Using a feature-extractor neural network to encode observations in a batch manner

How severe does this issue affect your experience of using Ray?

  • High: It blocks me to complete my task.

Hello,
I am trying to use PPO to train an agent in the following setting: I have a custom gym compatible environment that gives me raw sensor data. I need to encode these large observations into compact features using a pretrained, frozen neural network. Then these features will become the observations that I feed into my policy.

My issue is that I cannot figure out how to parallelize this setup. I want my gym compatible environments running in parallel, so I am vectorizing them. If I also make the feature extractor neural network part of the environment, it gets multiplied and wastes GPU memory. Ideally I would like to vectorize my gym environment, collect the samples from every environment instance, then extract the features from all the collected samples by creating a batch out of them and making a single forward pass with the frozen neural network.

So far I’m unable to find a way to do this in Ray. Things I have considered:

  • Make the frozen encoder a part of the policy. This is problematic because I do not want to store the huge sensor data inside the replay buffer, it would fill my RAM very quickly. Also it would force me to encode the same samples again and again for every forward pass during training.
  • Vectorize the gym environment using RLLib’s functions, then put a wrapper on it that operates on the returned batch of samples. This feels ideal, but I couldn’t figure out a way to do this without doing hacky things like accessing the internal vectorization methods of ray.
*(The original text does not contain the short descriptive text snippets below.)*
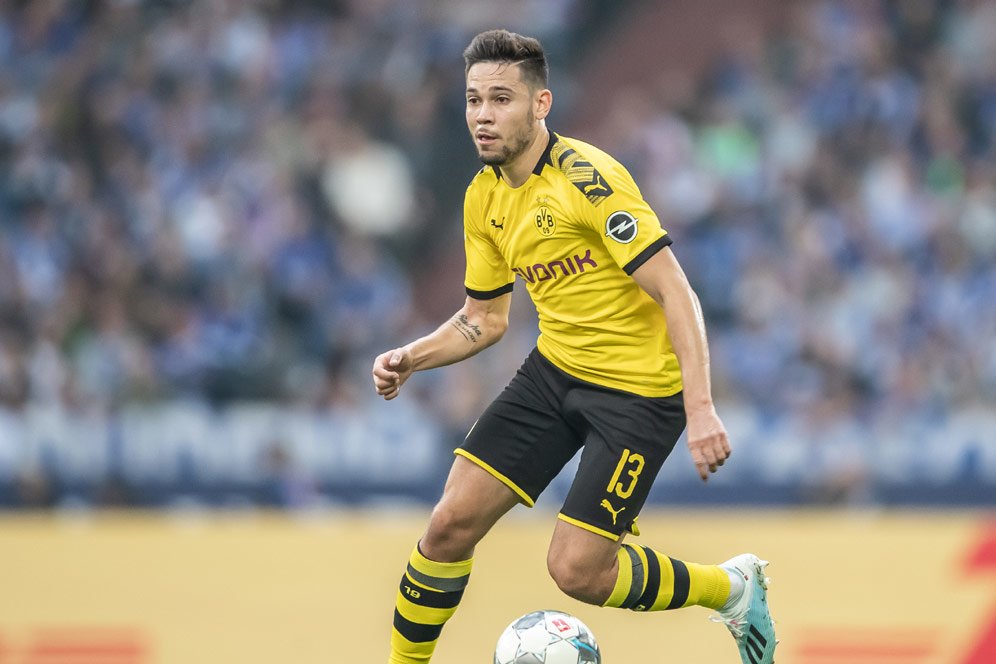 Barcelona Bakal Impor Bek Borussia Dortmund Ini? Barcelona Bakal Impor Bek Borussia Dortmund Ini?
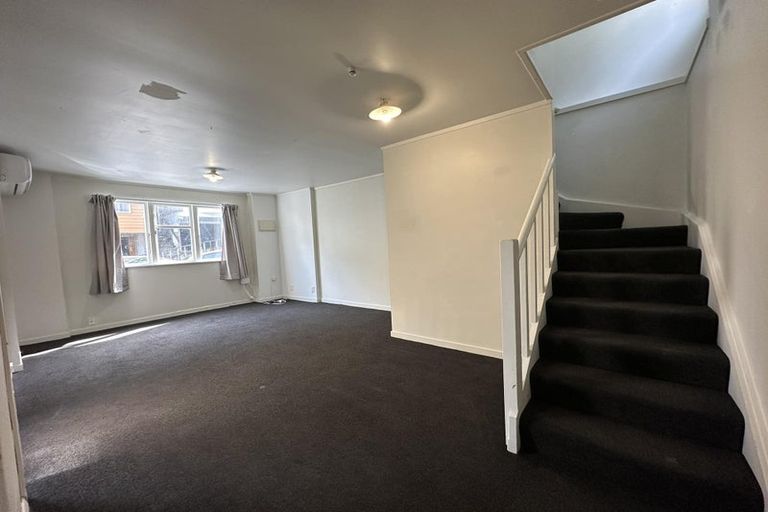 Photo of property in 142 Aro Street, Aro Valley, Wellington, 6021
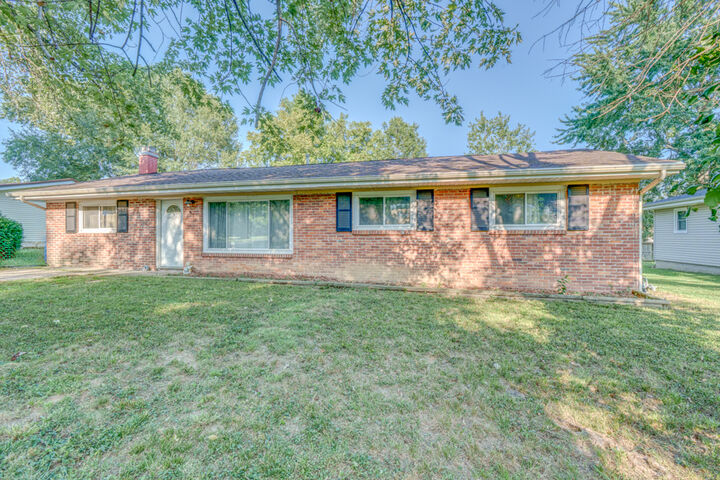 Property Photo:  418 Marteeny Street  IL 62864 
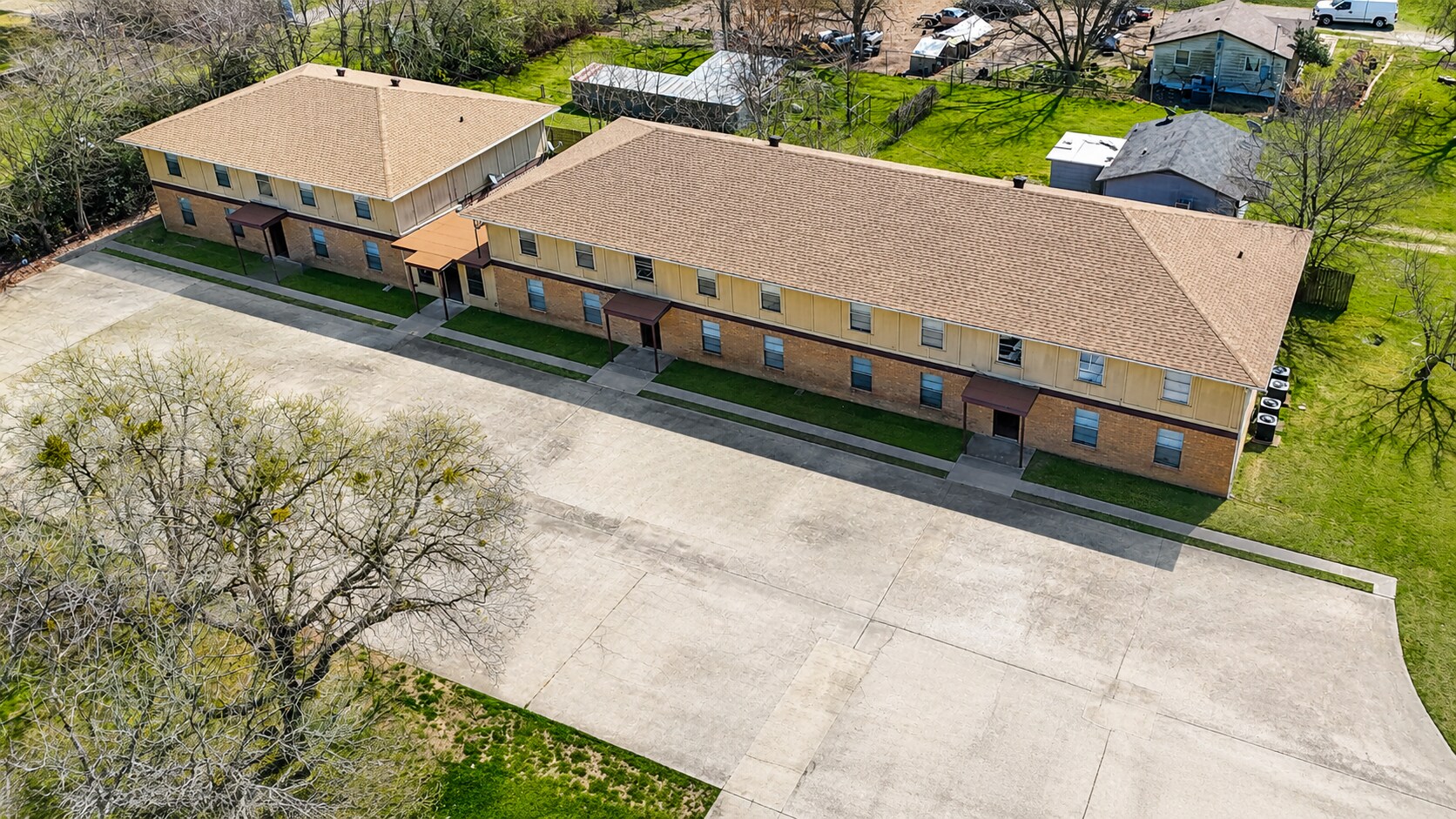 703 E Navasota St, Groesbeck, TX for Sale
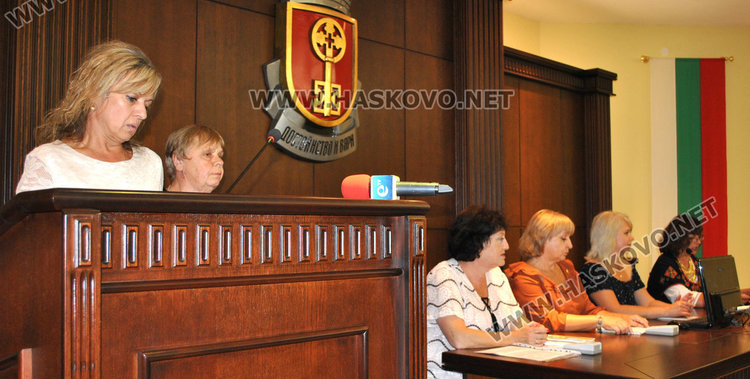 Писатели от 14 държави на посещение в Хасково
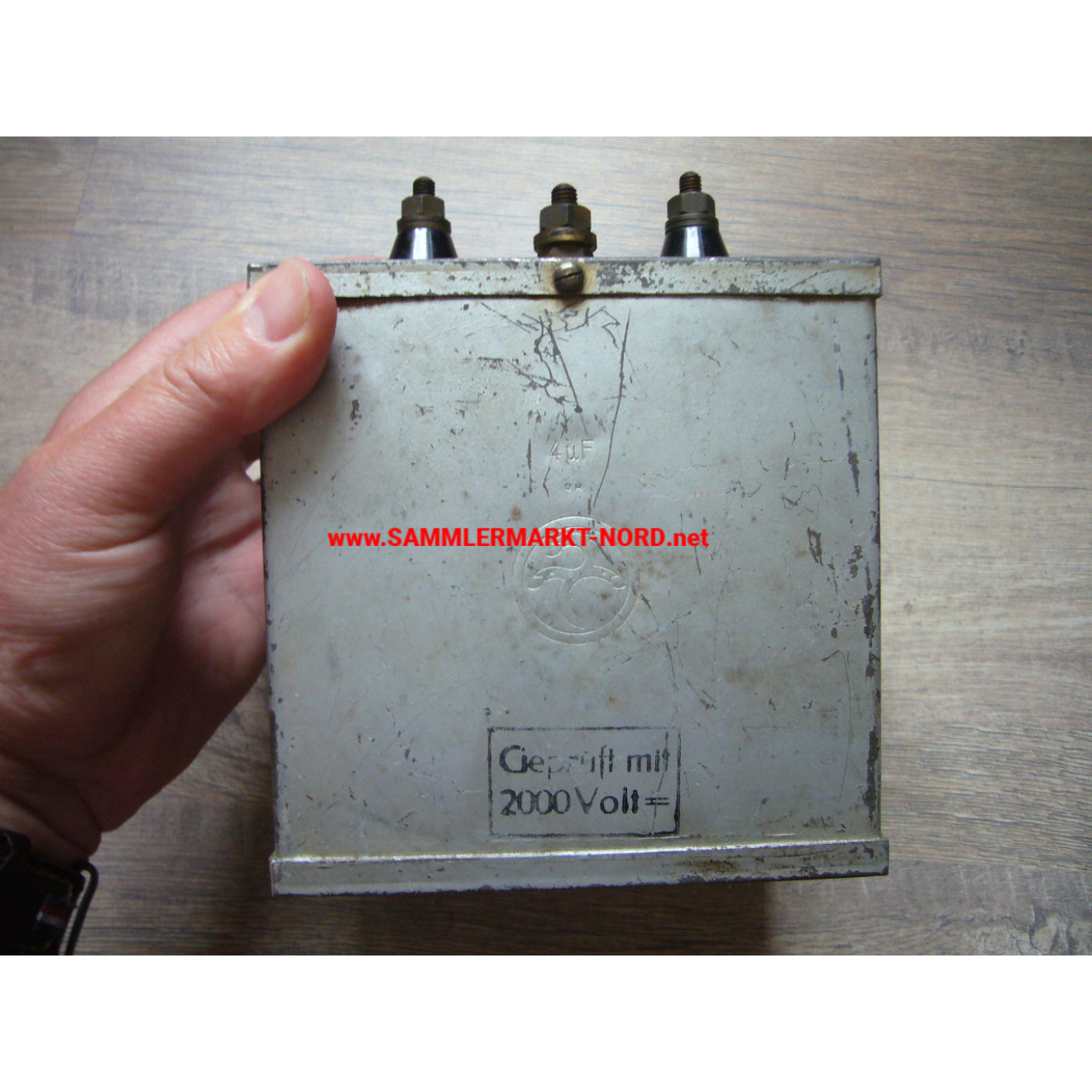 Wehrmacht - large capacitor - radio technology ?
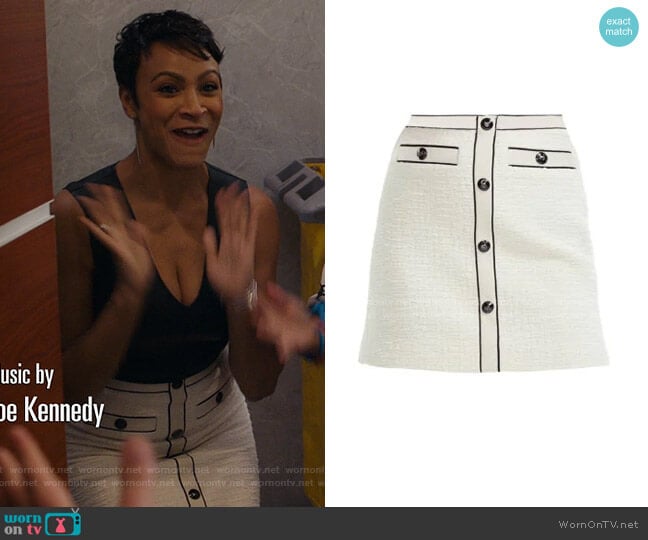 Maje Joppy Decorative-Button Tweed Mini Skirt worn by Angela (Carly Hughes
) on American Housewife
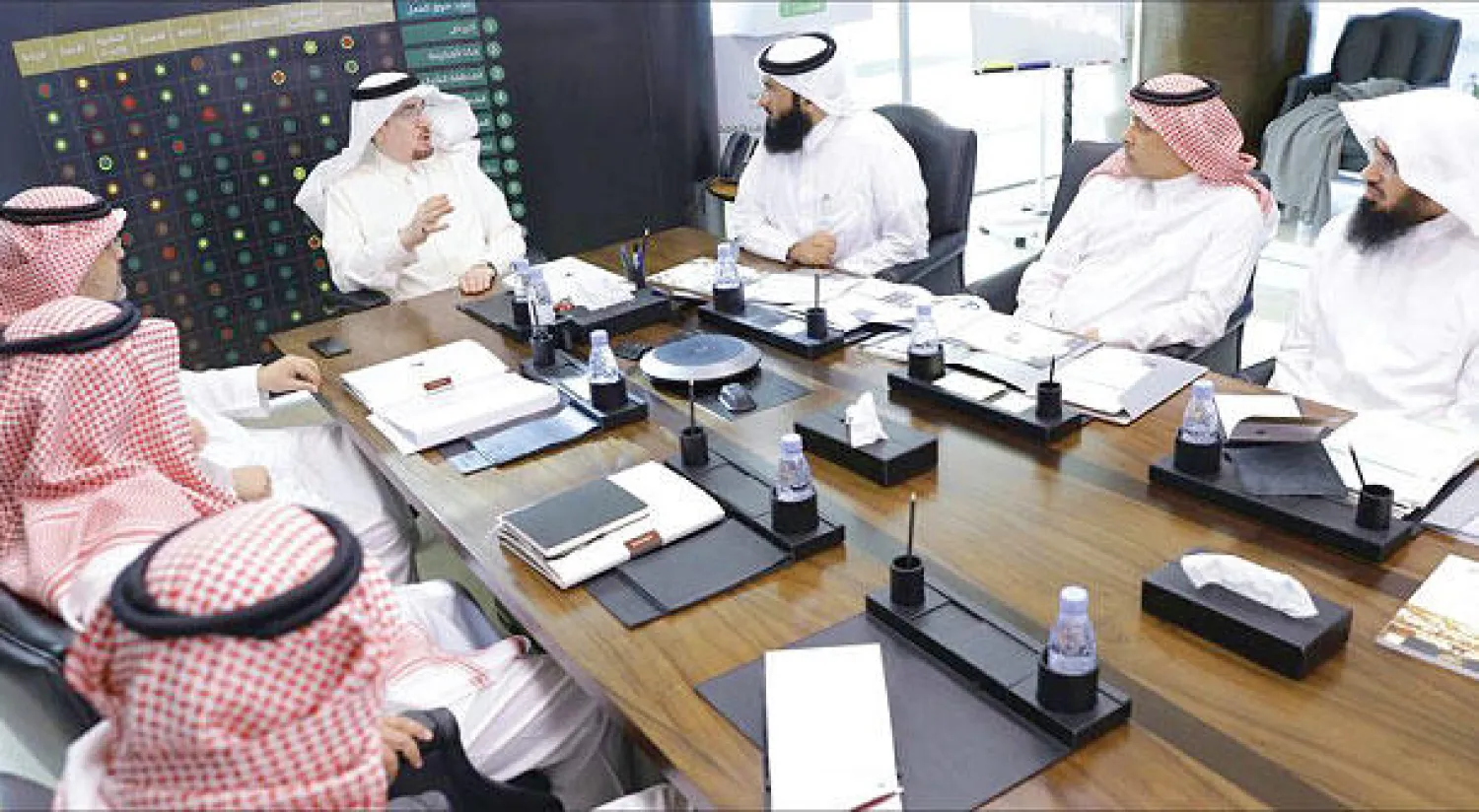 مفرج الحقباني خلال لقائه رئيس اللجنة الوطنية للأوقاف («الشرق الأوسط»)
Any guidance on how to proceed would be much appreciated.

Hi @egeonat ,

I solved this problem almost 2 years ago with the execution plan API by having a second learner thread. This does not work anymore.
For what you are trying to do, that takes quite a bit of engineering today.
If you can’t wait 1-2 releases for some changes we are working on that will make this a lot easier, you can try the following:

  • Collect samples with some PPO Policy and modify PPO.training_step() to save these experiences to disk.
  • Create a PPO Policy with a custom model that looks you you want it to look.
  • Extract the encoder part of that model from there (you can instantiate a Policy and grab it from there).
  • Train the model with the experiences you saved to disk “manually” (RLlib does not offer supervised routines).
  • Checkpoint the Policy with the trained encoder
  • Freeze layers in your custom model
  • Train with RLLib as usual from this checkpoint

(In order to better fit the observation distribution, you can regularly retrain the encoder with experiences you later collect similarly to the above)

Cheers

Hello @arturn,
Thanks for your response. If I am understanding your suggestion correctly, once I have the feature extractor model trained, you are suggesting that I make it a part of my policy model and freeze its weights, then train as normal.
I already have my feature extractor trained and ready so that part is handled. My concern with making the feature extractor a part of my policy is that when I am doing PPO updates and iterating over the same samples multiple times, I will be extracting the features over and over again. This is problematic as feature extraction is quite slow in my setup.
Do you think it would be possible to create a custom environment class that overrides the VectorEnv class and override the vector_step method such that I feed the collected observations into my feature extractor before returning them?

Yes, you can do this. This will make sampling slower obviously but for PPO you can simply up the number of workers, and it won’t affect the learning.